[YOUR GOAL]
Everything from the line containing "Turtleneck Sweater" through the last line of the data below is to be retyped exactly, apart from the pictures.

[SUPPLIED RECORDS]
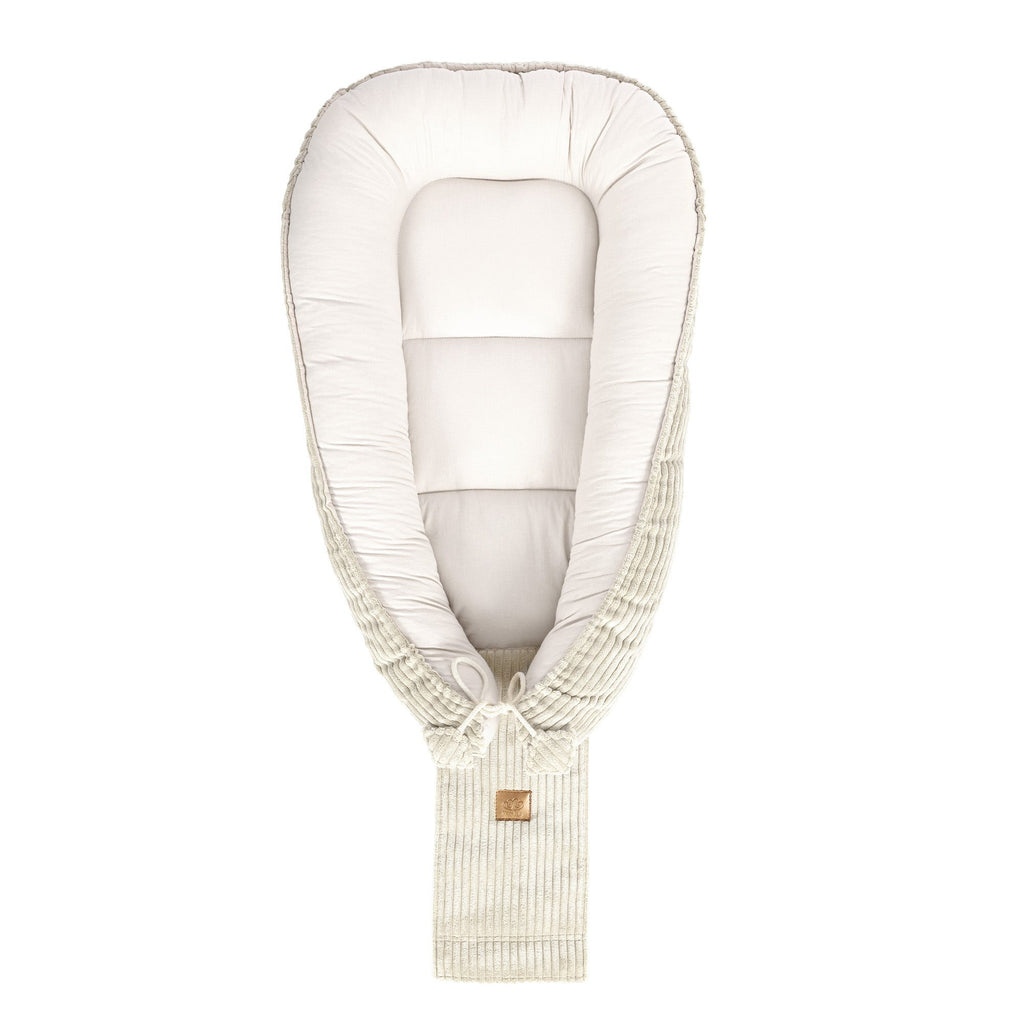 Baby Nest for Sleeping - Ecru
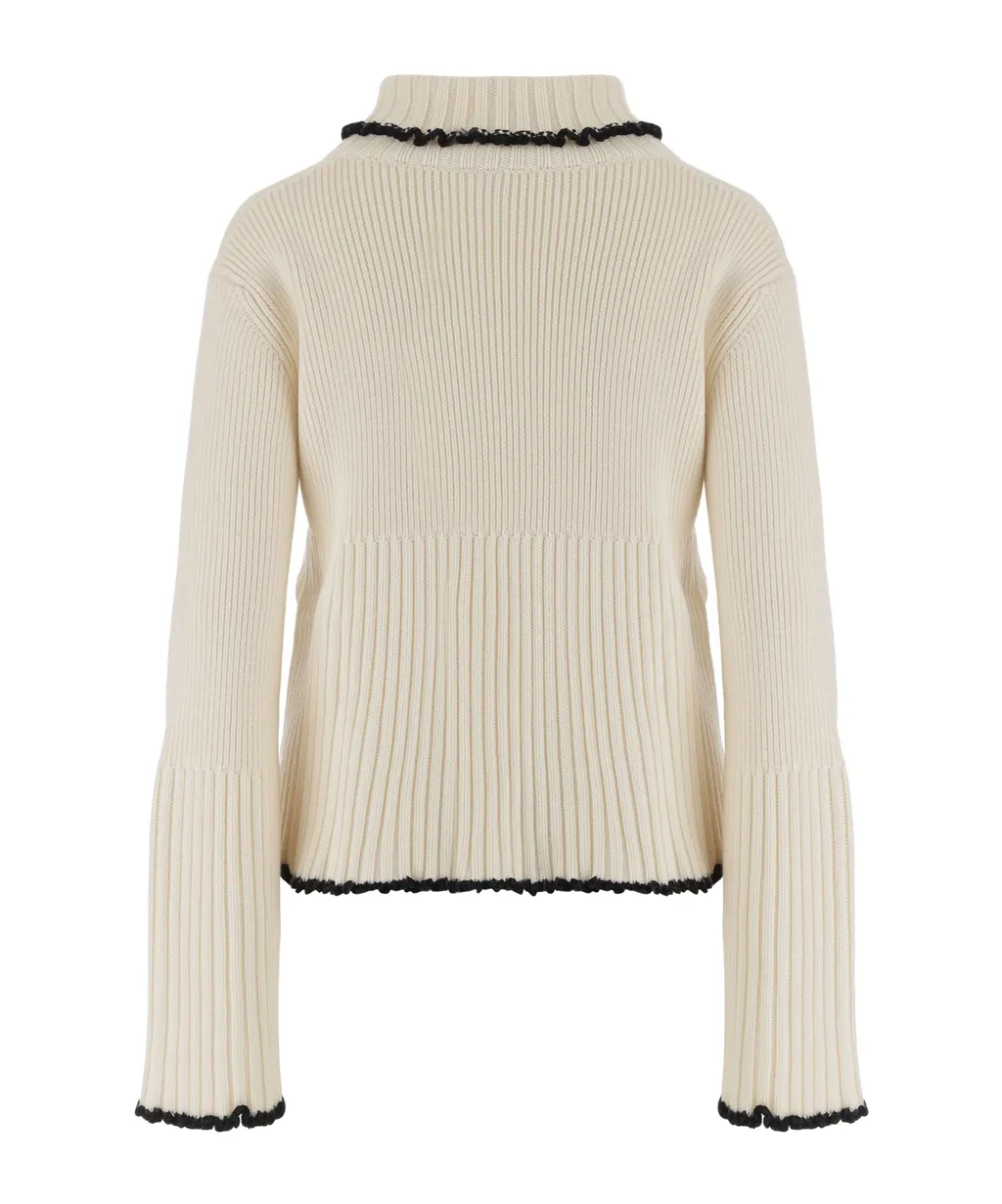 Turtleneck Sweater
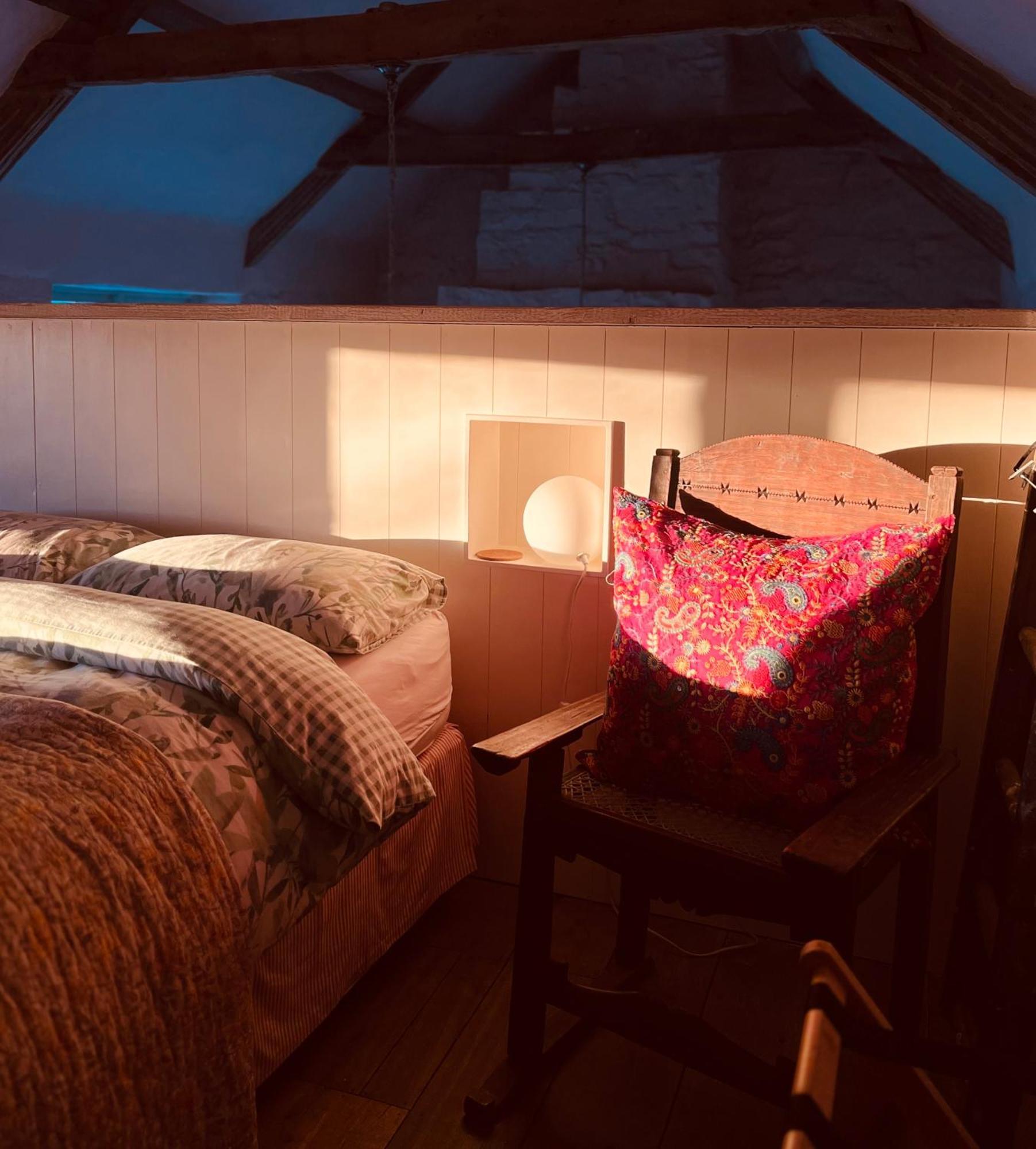 Lower Godney Little House ويلْزْ المظهر الخارجي الصورة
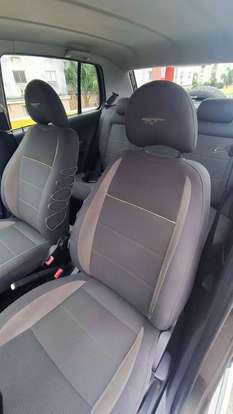 VOLKSWAGEN-CROSSFOX-1.6 MI FLEX 8V 4P MANUAL VOLKSWAGEN-CROSSFOX-2009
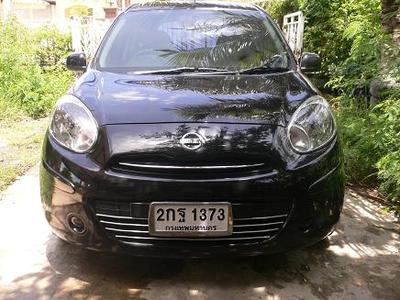 pic Nissan March 2010 AT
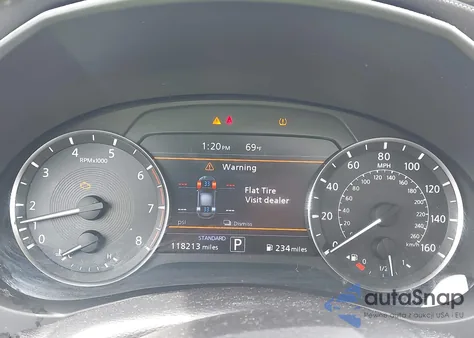 2019 Infiniti Qx50 Essential z USA, uszkodzony, nr VIN 3PCAJ5M16KF102179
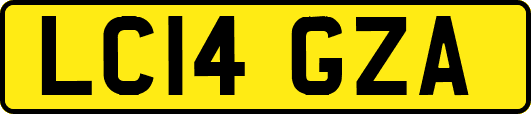 LC14GZA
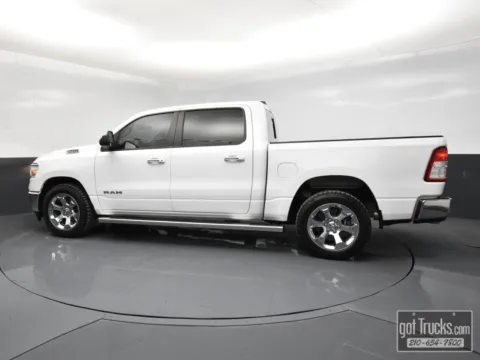 Another view of 2020 Ram 1500 Lone Star for sale in San Antonio, TX at got Trucks?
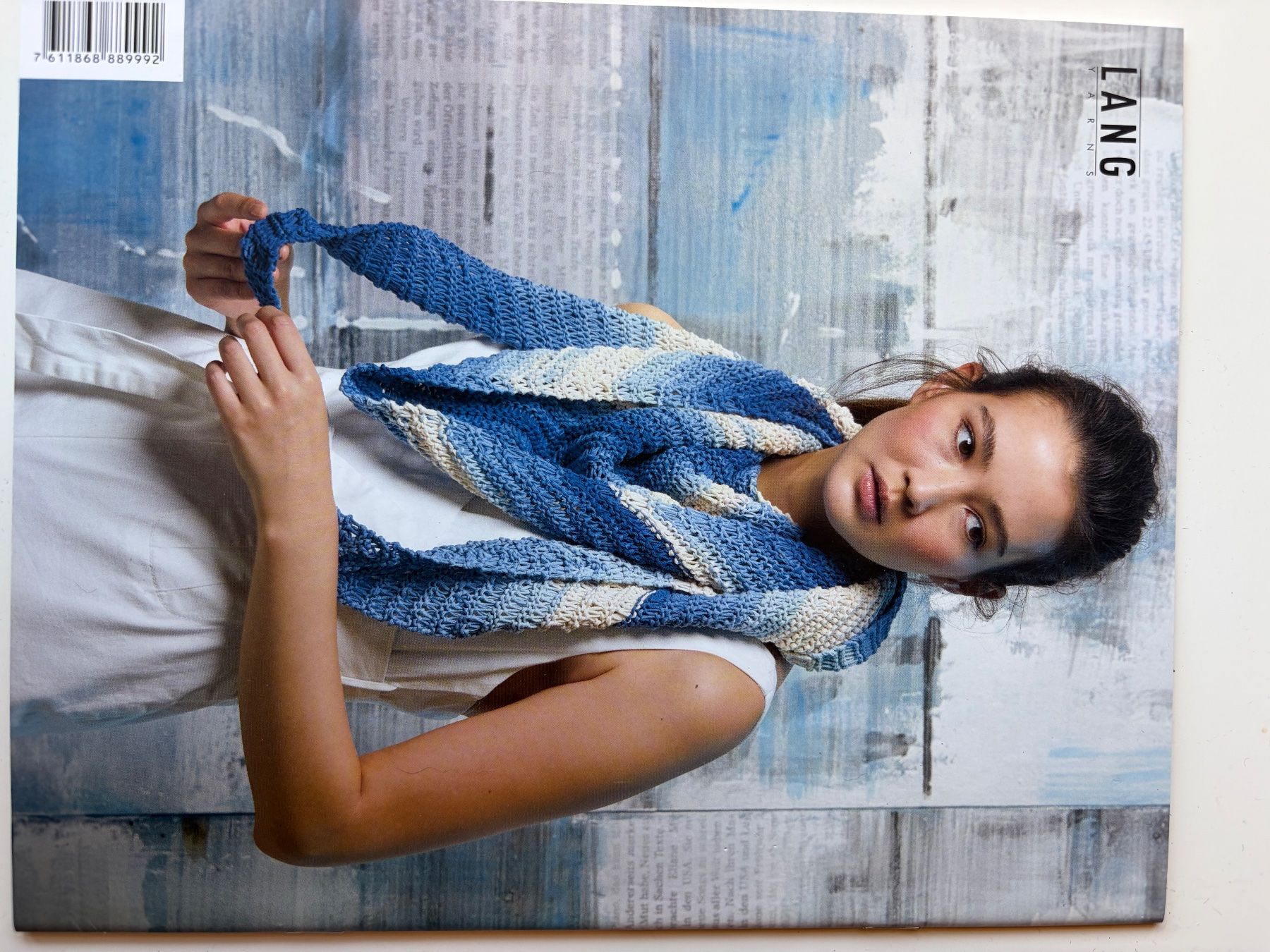 Riviste & Magazine: 1 Heft Sol Degrade Langyarns – Nuovo (secondo la descrizione) da Büsserach venduto da bor_s88m 1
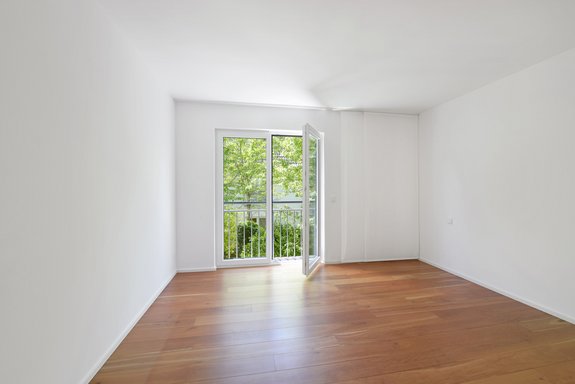 Flexibel nutzbares Zimmer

[SOLUTION]
 Turtleneck Sweater
 Lower Godney Little House ويلْزْ المظهر الخارجي الصورة
 VOLKSWAGEN-CROSSFOX-1.6 MI FLEX 8V 4P MANUAL VOLKSWAGEN-CROSSFOX-2009
 pic Nissan March 2010 AT
 2019 Infiniti Qx50 Essential z USA, uszkodzony, nr VIN 3PCAJ5M16KF102179
 LC14GZA
 Another view of 2020 Ram 1500 Lone Star for sale in San Antonio, TX at got Trucks?
 Riviste & Magazine: 1 Heft Sol Degrade Langyarns – Nuovo (secondo la descrizione) da Büsserach venduto da bor_s88m 1
 Flexibel nutzbares Zimmer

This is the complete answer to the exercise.